Doh! Thanks, I’ve edited the code to fix that.

I originally used decrypt.decrypt_and_verify(bytearray.fromhex(ciphertext), bytearray.fromhex(auth_tag)) but the MAC (Message Authentication Code) check always failed. I didn’t notice the message was decrypting “correctly” until I split the operation into separate decrypt and then verify steps.
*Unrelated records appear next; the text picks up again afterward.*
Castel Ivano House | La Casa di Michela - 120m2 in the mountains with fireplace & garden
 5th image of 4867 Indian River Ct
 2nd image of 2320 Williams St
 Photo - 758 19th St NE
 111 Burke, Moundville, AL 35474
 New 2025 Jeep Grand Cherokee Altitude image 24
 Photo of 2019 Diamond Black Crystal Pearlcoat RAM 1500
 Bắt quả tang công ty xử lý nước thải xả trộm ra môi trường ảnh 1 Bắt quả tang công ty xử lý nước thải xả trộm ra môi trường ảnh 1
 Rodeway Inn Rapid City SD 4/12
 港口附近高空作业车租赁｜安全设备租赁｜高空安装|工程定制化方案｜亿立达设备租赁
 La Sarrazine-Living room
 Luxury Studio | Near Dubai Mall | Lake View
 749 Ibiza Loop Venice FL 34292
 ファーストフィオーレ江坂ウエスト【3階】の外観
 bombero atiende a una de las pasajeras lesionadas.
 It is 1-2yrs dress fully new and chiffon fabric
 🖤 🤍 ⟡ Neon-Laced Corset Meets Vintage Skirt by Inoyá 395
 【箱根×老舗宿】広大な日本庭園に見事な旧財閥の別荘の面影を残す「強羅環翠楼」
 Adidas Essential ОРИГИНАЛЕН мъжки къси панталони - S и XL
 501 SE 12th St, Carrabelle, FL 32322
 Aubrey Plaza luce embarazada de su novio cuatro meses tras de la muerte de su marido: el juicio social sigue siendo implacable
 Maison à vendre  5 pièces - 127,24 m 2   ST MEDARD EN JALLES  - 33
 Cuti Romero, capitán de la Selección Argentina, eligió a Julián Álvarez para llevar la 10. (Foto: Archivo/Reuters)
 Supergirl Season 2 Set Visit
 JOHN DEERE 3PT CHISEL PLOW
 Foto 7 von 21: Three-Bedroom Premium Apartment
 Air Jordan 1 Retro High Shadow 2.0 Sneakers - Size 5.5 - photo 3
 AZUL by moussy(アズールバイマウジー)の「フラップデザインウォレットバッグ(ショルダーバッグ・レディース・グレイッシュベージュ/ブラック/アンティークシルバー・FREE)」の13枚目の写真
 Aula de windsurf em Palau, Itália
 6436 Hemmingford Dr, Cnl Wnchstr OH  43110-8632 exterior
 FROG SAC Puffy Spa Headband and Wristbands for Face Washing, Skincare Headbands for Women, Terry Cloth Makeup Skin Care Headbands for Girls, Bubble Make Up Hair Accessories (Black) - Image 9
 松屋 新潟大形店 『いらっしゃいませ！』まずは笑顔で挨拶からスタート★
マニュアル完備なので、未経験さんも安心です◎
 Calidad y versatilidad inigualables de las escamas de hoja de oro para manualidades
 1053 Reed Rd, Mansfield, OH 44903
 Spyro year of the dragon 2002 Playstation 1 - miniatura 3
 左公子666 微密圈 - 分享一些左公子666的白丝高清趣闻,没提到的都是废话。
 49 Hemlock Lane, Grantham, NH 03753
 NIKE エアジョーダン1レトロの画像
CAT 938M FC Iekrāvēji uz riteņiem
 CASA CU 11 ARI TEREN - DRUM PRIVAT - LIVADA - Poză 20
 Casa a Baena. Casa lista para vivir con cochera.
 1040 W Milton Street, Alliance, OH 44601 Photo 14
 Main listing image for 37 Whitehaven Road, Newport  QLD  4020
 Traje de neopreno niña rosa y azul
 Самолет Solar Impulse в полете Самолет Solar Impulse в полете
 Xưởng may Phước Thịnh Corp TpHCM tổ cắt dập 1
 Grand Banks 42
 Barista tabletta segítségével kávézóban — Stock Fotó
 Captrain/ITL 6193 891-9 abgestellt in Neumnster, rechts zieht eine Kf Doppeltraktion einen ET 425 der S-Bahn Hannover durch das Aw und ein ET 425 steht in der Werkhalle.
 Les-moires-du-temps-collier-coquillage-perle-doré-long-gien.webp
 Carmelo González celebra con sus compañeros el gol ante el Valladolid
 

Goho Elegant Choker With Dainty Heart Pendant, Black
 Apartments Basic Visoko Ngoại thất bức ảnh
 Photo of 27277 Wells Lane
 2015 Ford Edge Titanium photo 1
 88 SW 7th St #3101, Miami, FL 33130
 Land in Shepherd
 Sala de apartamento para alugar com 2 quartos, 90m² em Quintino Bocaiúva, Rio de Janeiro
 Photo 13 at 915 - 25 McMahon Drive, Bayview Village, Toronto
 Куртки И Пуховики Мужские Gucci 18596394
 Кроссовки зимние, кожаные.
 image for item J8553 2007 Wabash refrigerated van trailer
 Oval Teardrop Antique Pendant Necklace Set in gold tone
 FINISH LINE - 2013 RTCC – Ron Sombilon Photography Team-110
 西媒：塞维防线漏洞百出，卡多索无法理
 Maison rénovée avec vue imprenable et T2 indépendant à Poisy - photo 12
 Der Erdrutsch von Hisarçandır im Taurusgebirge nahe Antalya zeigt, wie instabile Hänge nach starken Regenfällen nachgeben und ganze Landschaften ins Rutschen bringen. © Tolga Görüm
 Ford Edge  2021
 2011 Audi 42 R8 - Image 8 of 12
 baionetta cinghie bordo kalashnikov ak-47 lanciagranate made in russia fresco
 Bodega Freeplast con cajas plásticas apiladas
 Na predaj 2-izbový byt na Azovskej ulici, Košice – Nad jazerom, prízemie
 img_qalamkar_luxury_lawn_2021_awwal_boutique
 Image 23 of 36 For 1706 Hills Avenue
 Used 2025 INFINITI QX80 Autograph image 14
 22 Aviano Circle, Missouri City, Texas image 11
Of course the verify step using the auth_tag should be working to ensure that the decrypted message is verifiably correct.

Yes, I think you’re right. The problem is almost certainly related to associated data. Associated data is not encrypted as part of the ciphertext but is used when calculating the auth_tag.

Once the auth_tag problem is fixed then I’ll be able to write up a guide to encrypting messages. Hopefully that will be very soon™…

The decrypt_and_verify function works correctly now. I had to add the following line to include the associated data before calling the decrypt_and_verify function:

decrypt.update(bytearray.fromhex(ephemeral_public_key))

Thanks, I tested and including the associated data will make the verify successfully, and port your code to pointycastle library also work correctly.